(Dataset items)
BEGIN
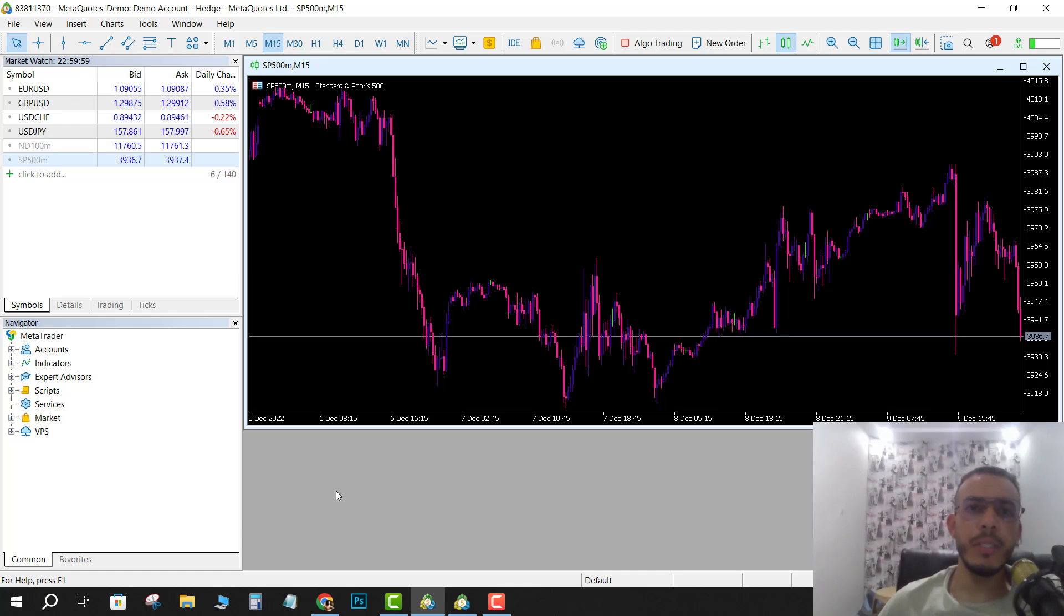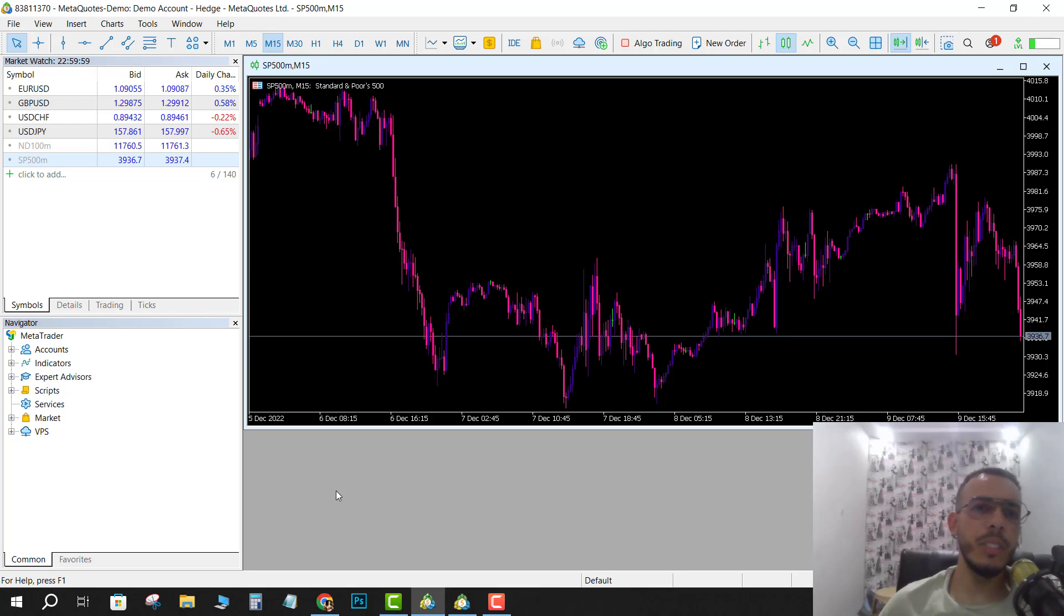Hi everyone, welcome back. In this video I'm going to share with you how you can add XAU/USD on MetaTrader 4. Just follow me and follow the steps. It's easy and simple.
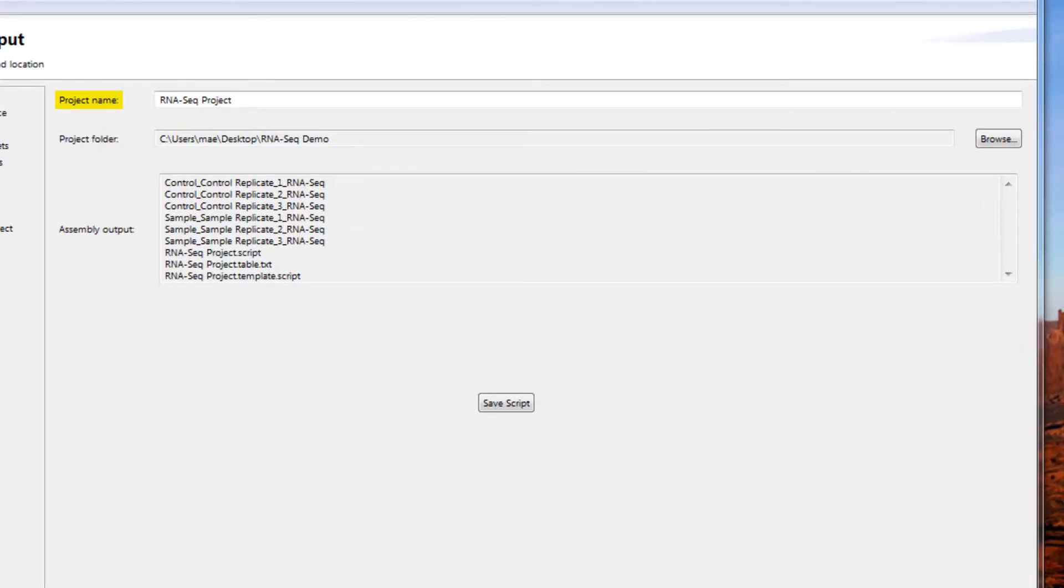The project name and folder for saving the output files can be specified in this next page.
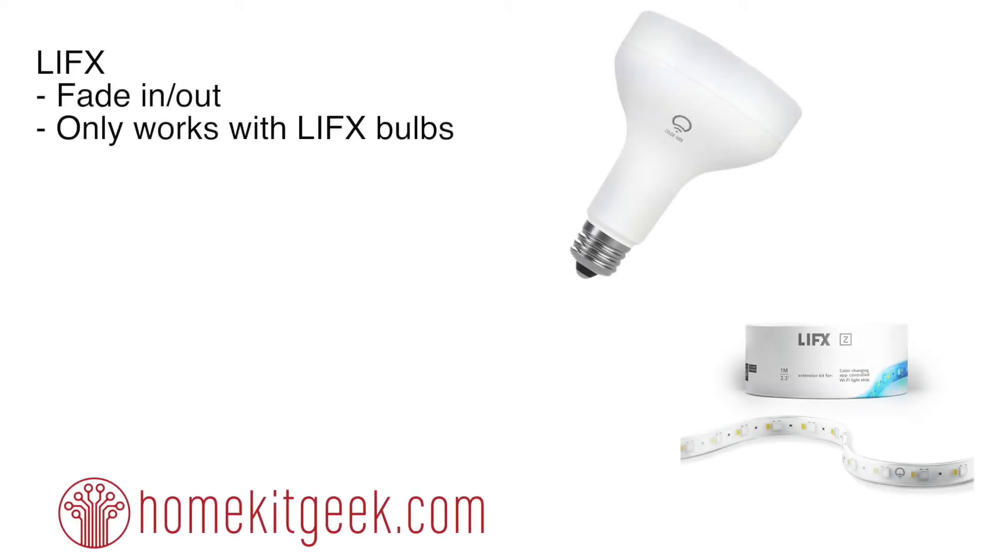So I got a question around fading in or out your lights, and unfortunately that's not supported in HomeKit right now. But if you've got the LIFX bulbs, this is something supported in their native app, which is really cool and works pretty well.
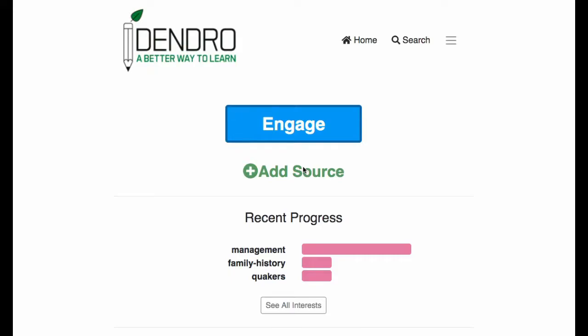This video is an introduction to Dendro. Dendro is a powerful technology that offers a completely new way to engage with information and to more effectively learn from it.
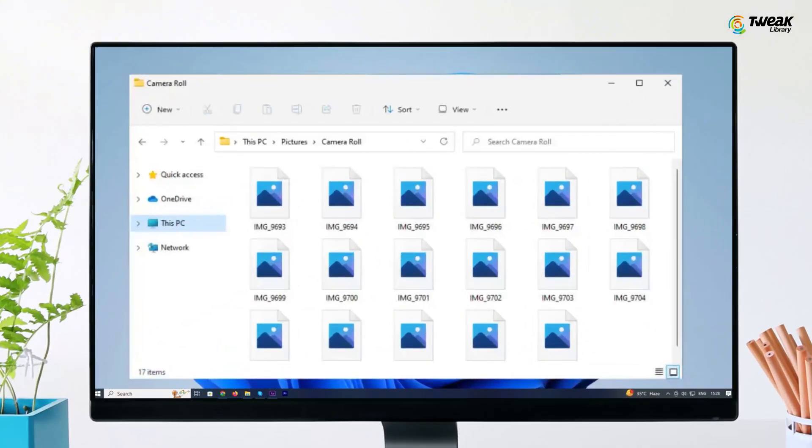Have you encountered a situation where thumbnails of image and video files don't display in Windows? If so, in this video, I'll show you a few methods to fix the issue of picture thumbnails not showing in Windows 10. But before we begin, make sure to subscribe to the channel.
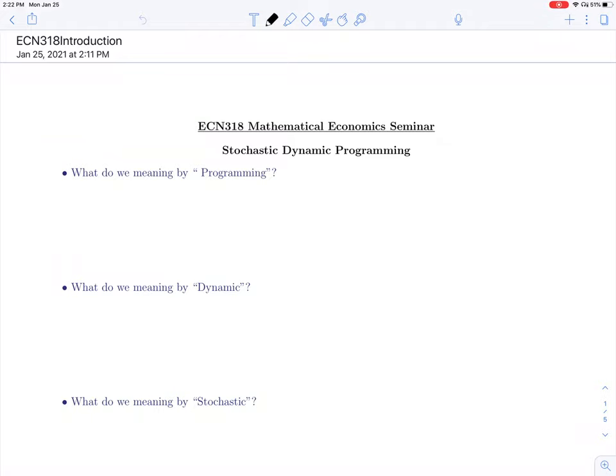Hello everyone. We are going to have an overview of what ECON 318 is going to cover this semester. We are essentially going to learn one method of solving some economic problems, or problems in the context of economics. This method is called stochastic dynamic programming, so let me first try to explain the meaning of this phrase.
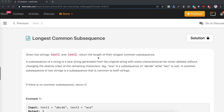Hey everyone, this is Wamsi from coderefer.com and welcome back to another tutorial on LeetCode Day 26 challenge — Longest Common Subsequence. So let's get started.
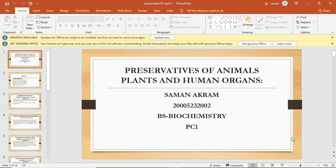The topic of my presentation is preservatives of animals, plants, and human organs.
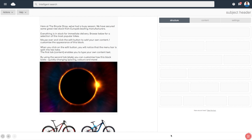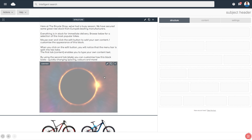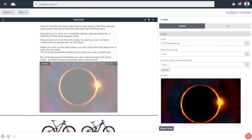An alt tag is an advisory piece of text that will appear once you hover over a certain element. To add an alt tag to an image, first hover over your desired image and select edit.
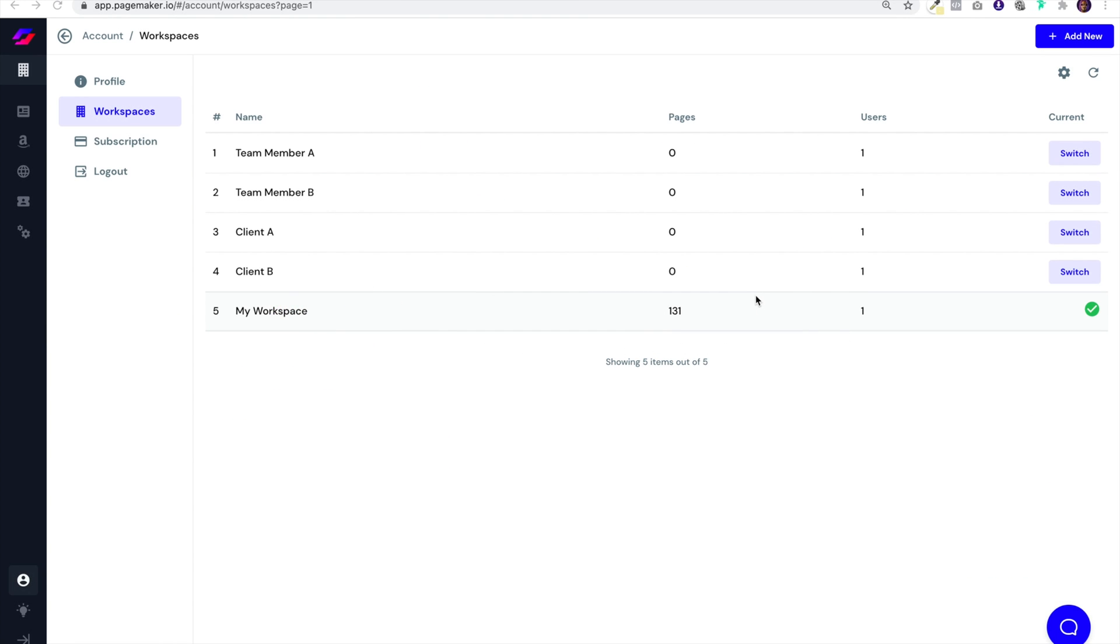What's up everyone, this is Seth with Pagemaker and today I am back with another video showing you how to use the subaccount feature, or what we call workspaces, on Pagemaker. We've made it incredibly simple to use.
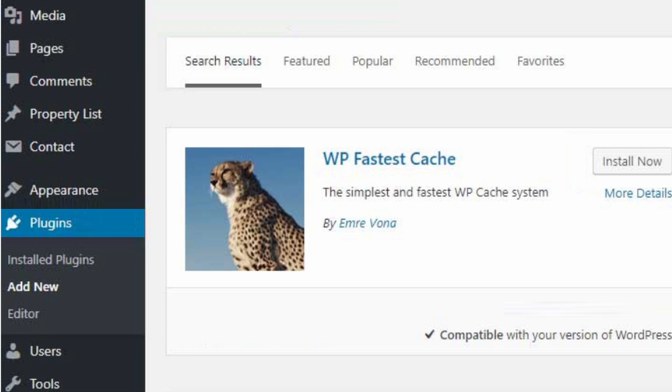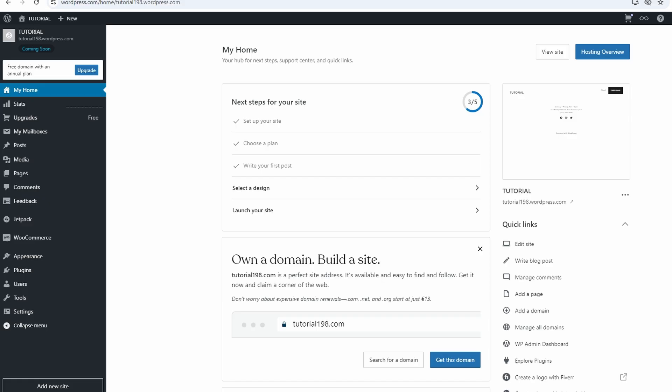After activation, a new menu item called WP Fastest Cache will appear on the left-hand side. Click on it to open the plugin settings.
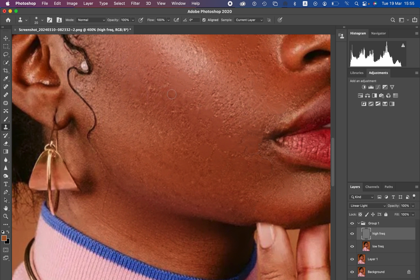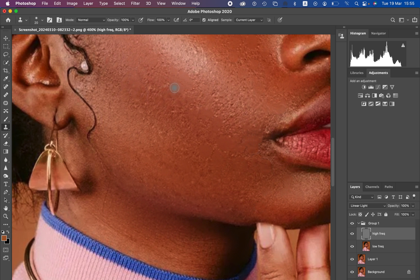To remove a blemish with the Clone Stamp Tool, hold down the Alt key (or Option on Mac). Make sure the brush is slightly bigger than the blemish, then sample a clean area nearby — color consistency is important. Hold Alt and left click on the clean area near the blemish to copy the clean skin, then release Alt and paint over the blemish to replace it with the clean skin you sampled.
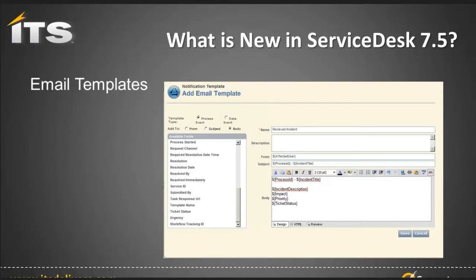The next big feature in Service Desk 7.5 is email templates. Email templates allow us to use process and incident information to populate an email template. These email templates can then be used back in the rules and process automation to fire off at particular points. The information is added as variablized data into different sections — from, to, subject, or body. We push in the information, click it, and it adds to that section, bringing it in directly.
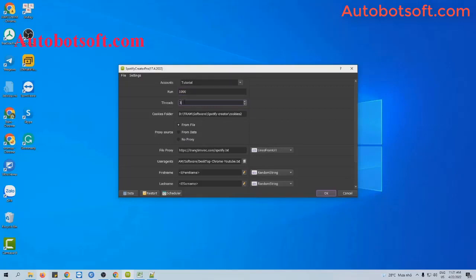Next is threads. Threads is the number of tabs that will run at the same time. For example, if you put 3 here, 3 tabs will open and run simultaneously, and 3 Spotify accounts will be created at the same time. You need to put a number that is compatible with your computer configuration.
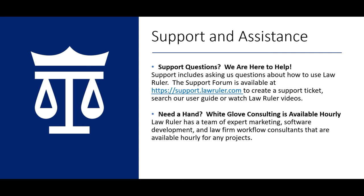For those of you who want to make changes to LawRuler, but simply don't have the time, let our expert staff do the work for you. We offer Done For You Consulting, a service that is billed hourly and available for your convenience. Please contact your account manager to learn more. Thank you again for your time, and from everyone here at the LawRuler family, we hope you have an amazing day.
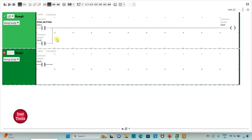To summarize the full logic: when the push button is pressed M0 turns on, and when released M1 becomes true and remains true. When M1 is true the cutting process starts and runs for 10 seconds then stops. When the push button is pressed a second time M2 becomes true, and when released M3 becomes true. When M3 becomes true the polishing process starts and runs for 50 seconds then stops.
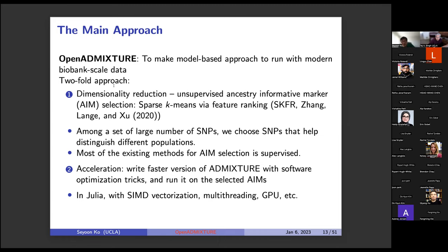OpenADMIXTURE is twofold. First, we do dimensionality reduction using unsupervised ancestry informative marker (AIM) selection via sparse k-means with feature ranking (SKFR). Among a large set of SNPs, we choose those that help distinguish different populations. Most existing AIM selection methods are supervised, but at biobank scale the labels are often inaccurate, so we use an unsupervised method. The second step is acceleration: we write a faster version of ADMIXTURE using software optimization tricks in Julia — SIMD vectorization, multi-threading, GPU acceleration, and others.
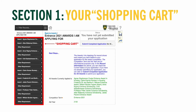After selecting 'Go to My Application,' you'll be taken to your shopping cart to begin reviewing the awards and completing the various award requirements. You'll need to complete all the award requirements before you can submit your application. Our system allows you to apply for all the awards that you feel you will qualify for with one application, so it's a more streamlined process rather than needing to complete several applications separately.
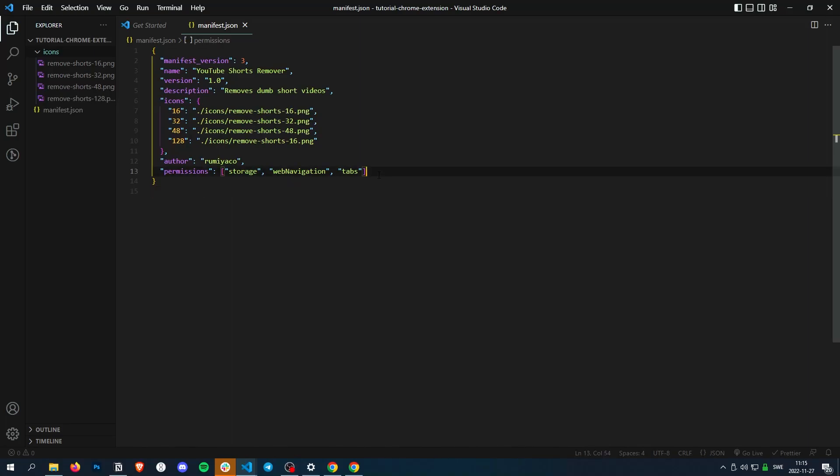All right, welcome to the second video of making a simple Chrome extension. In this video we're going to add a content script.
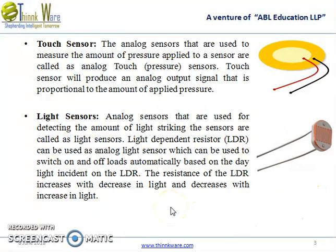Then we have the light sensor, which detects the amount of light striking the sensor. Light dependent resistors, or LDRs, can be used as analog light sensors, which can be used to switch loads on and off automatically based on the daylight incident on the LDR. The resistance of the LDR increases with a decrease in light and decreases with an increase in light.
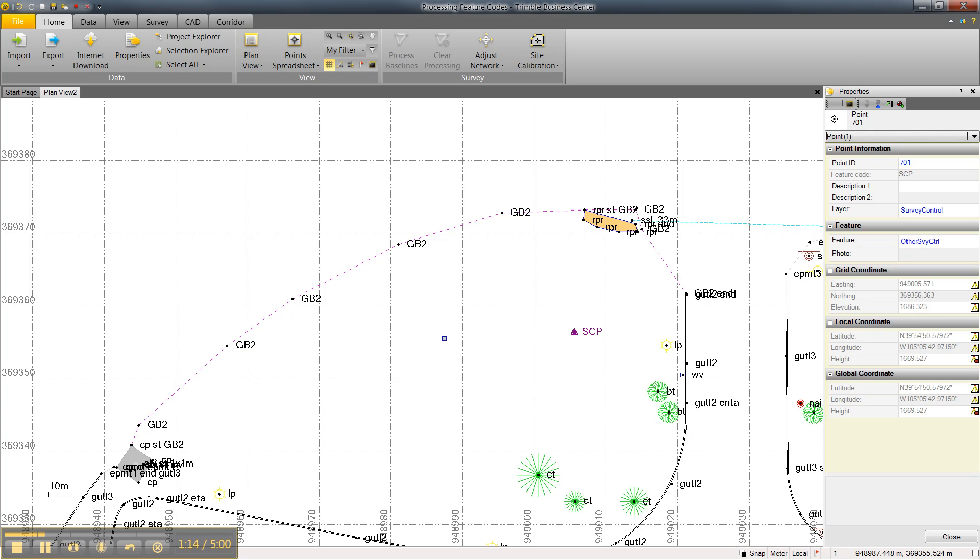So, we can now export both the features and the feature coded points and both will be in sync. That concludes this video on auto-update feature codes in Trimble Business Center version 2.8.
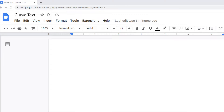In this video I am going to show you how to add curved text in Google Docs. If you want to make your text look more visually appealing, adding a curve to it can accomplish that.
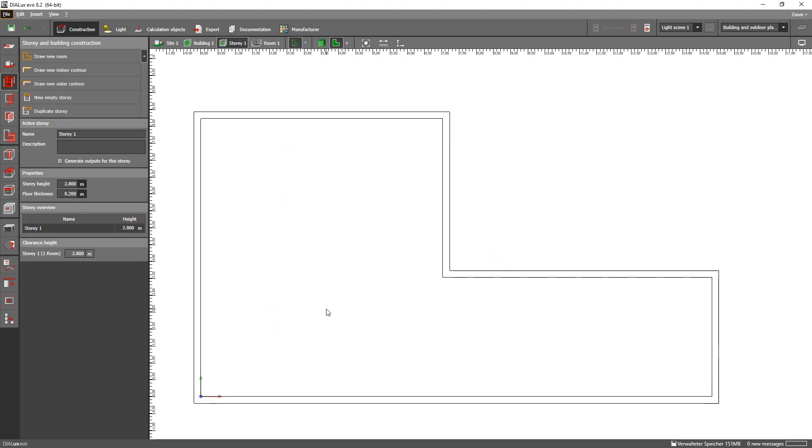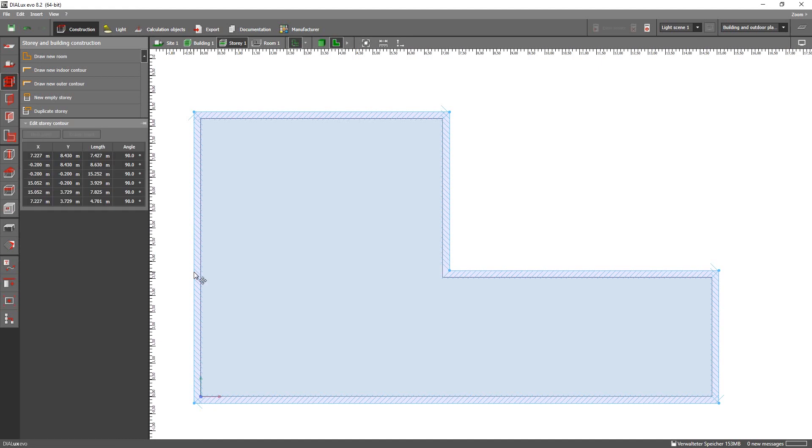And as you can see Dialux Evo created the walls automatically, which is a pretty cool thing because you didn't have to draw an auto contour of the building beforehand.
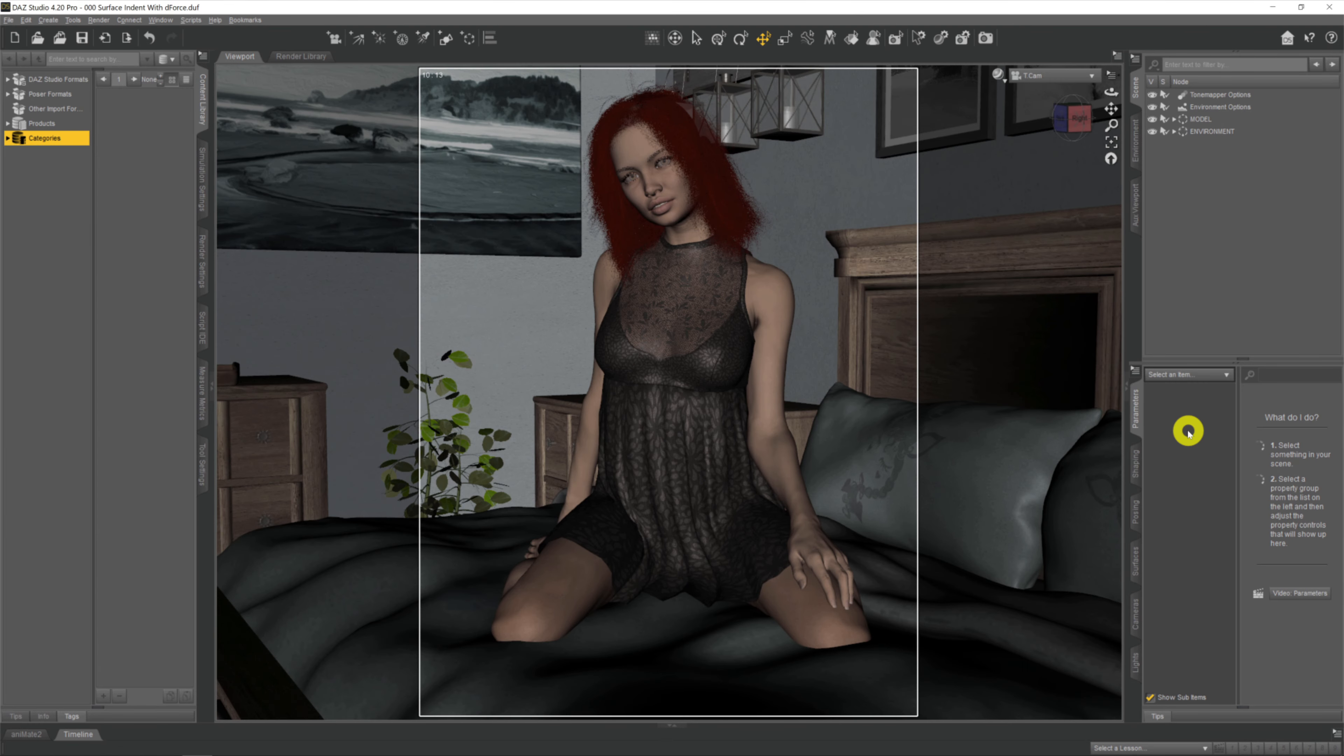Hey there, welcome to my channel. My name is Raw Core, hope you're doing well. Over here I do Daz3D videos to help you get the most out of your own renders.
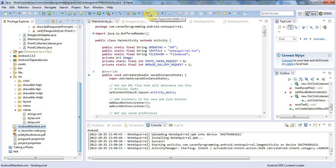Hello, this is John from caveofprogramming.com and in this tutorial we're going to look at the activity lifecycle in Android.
END
Nothing but an exact copy is asked for: the lines from the start of the records through the line with "An alt tag is", both ends included, minus any pictures.

Hi everyone, welcome back. In this video I'm going to share with you how you can add XAU/USD on MetaTrader 4. Just follow me and follow the steps. It's easy and simple.
The project name and folder for saving the output files can be specified in this next page.
So I got a question around fading in or out your lights, and unfortunately that's not supported in HomeKit right now. But if you've got the LIFX bulbs, this is something supported in their native app, which is really cool and works pretty well.
This video is an introduction to Dendro. Dendro is a powerful technology that offers a completely new way to engage with information and to more effectively learn from it.
Have you encountered a situation where thumbnails of image and video files don't display in Windows? If so, in this video, I'll show you a few methods to fix the issue of picture thumbnails not showing in Windows 10. But before we begin, make sure to subscribe to the channel.
Hello everyone. We are going to have an overview of what ECON 318 is going to cover this semester. We are essentially going to learn one method of solving some economic problems, or problems in the context of economics. This method is called stochastic dynamic programming, so let me first try to explain the meaning of this phrase.
Hey everyone, this is Wamsi from coderefer.com and welcome back to another tutorial on LeetCode Day 26 challenge — Longest Common Subsequence. So let's get started.
The topic of my presentation is preservatives of animals, plants, and human organs.
An alt tag is an advisory piece of text that will appear once you hover over a certain element. To add an alt tag to an image, first hover over your desired image and select edit.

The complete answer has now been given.